__EXERCISE OBJECTIVE__. With the pictures excluded, output only the lines from the one containing "V-Neck Striped Cashmere" through the last line of the entries, unchanged.

__SOURCE MATERIAL__.
= Beginning of Section =

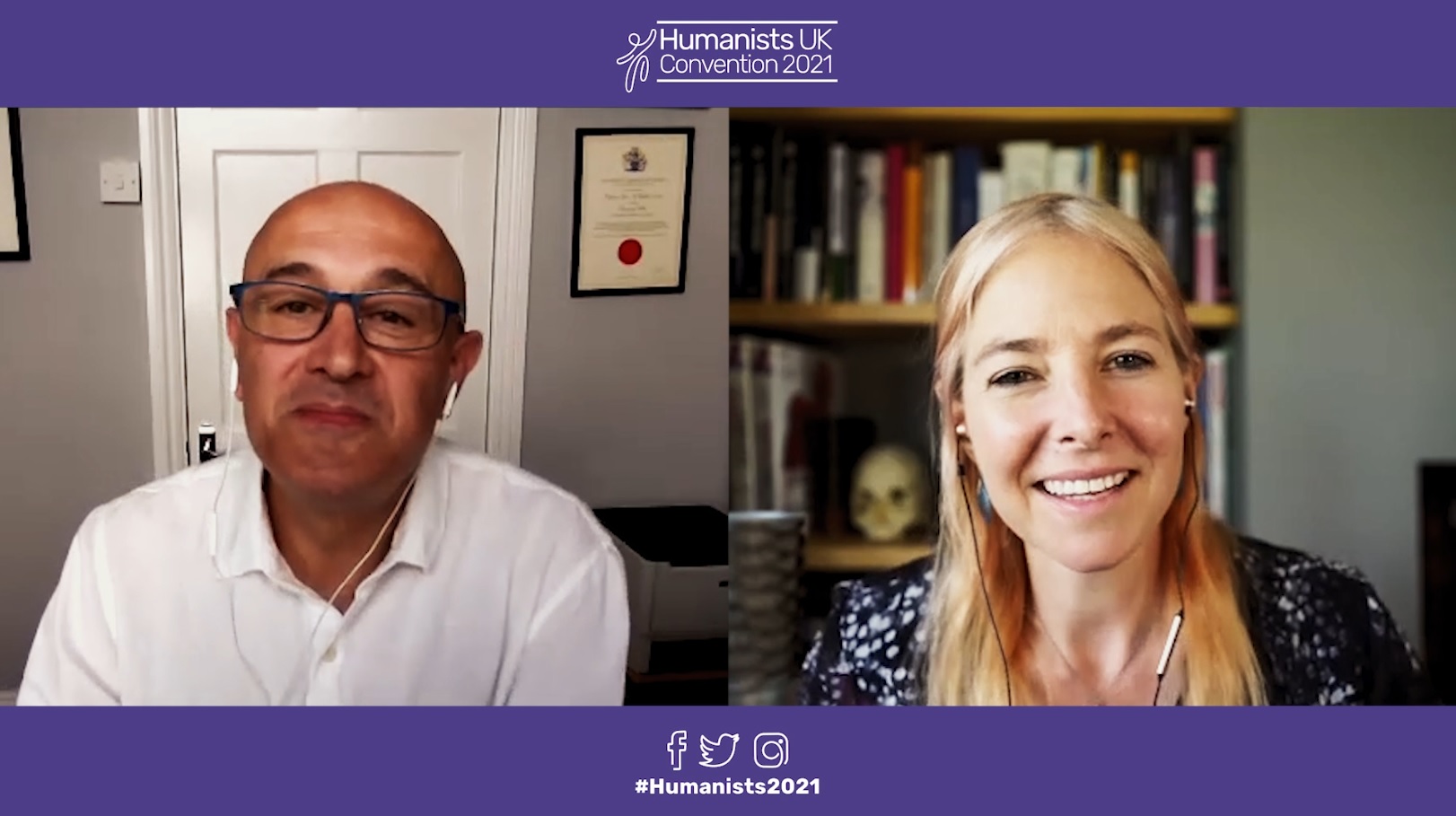 Jim Al-Khalili (L) and Alice Roberts (R) speaking at Humanists UK Convention 2021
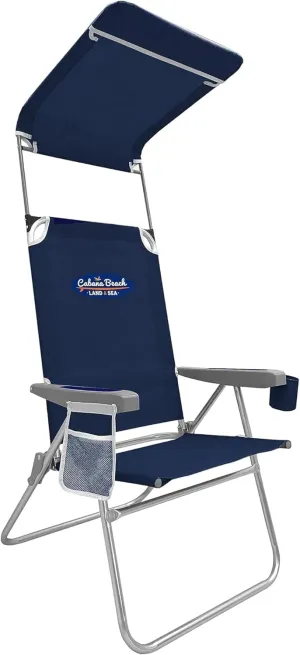 Cabana Beach Folding Beach Chair, 1 Position High Back Outdoor Camping Accessories with Canopy, Lightweight and Portable, Navy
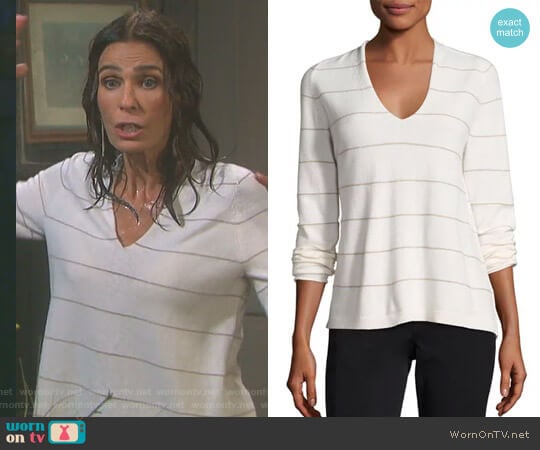 V-Neck Striped Cashmere Sweater by Lafayette 148 New York worn by Hope Williams (Kristian Alfonso) on Days of our Lives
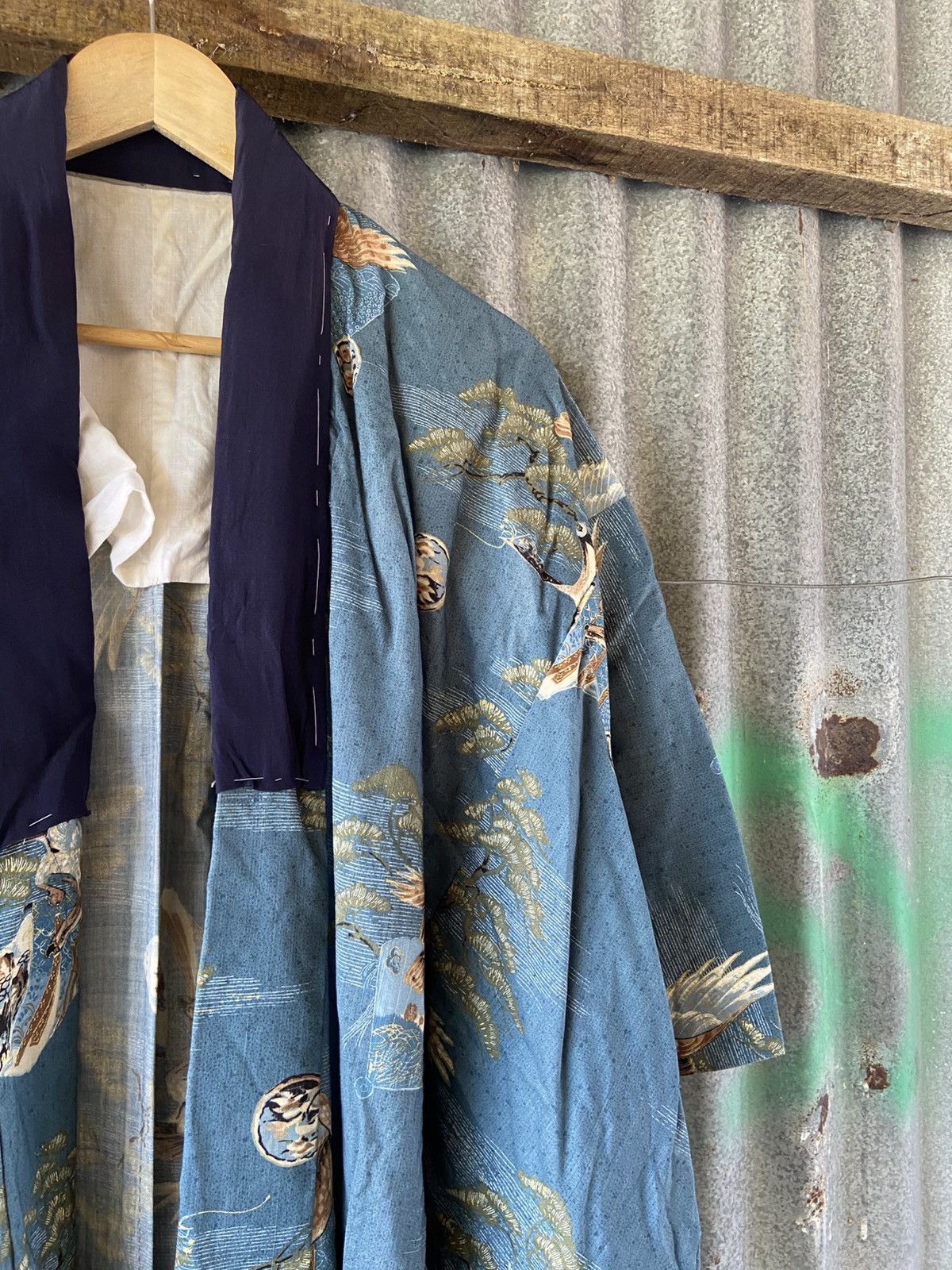 Komono Vintage Japanese Kimono Eagles Mountain Landscape Size US M / EU 48-50 / 2 - 4 Thumbnail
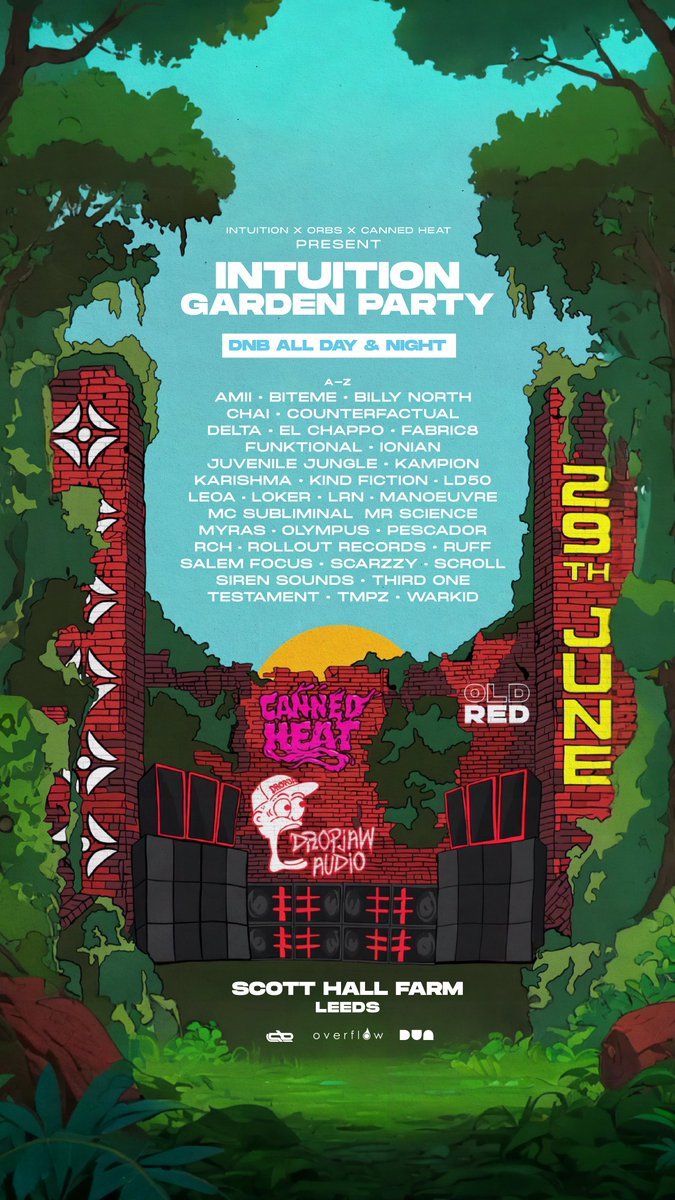 Intuition Music &amp; ourselves alongside Canned Heat, Overflow &amp; ORBS are putting on a truly massive Drum &amp; Bass party this Saturday in #leeds Be sure to join us, the location is really special - not to mention sound by Dropjaw Audio 

ra.co/events/1945997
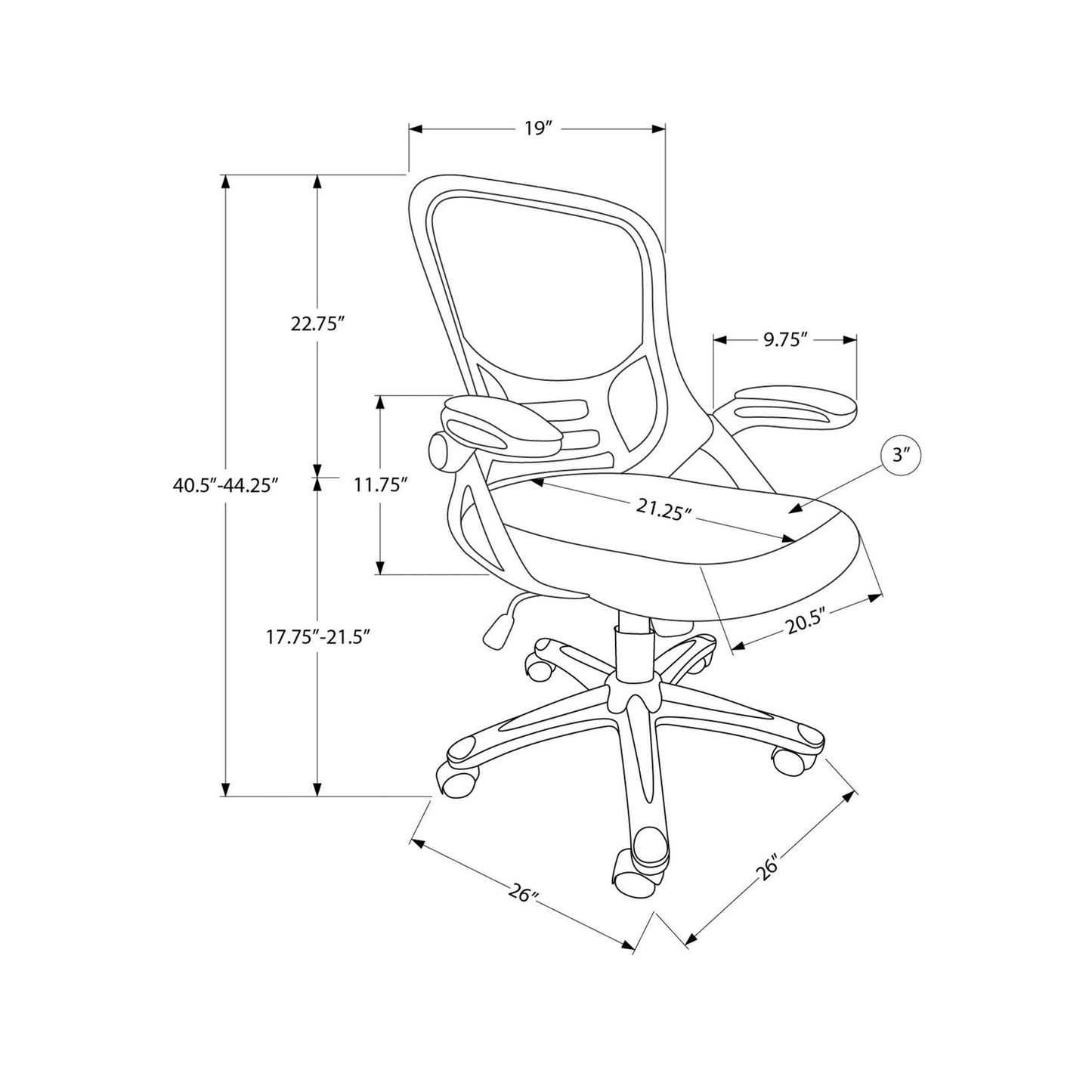 Office Chair With Adjustable Height For Workspaces - Black 8th Street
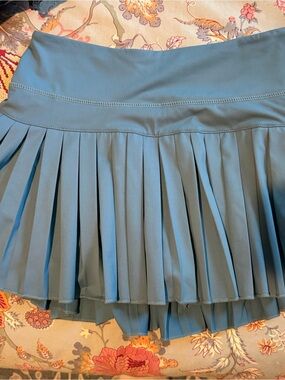 Pleated Blue Skort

= End of Section =

__EXERCISE RESULT__.
 V-Neck Striped Cashmere Sweater by Lafayette 148 New York worn by Hope Williams (Kristian Alfonso) on Days of our Lives
 Komono Vintage Japanese Kimono Eagles Mountain Landscape Size US M / EU 48-50 / 2 - 4 Thumbnail
 Intuition Music &amp; ourselves alongside Canned Heat, Overflow &amp; ORBS are putting on a truly massive Drum &amp; Bass party this Saturday in #leeds Be sure to join us, the location is really special - not to mention sound by Dropjaw Audio 

ra.co/events/1945997
 Office Chair With Adjustable Height For Workspaces - Black 8th Street
 Pleated Blue Skort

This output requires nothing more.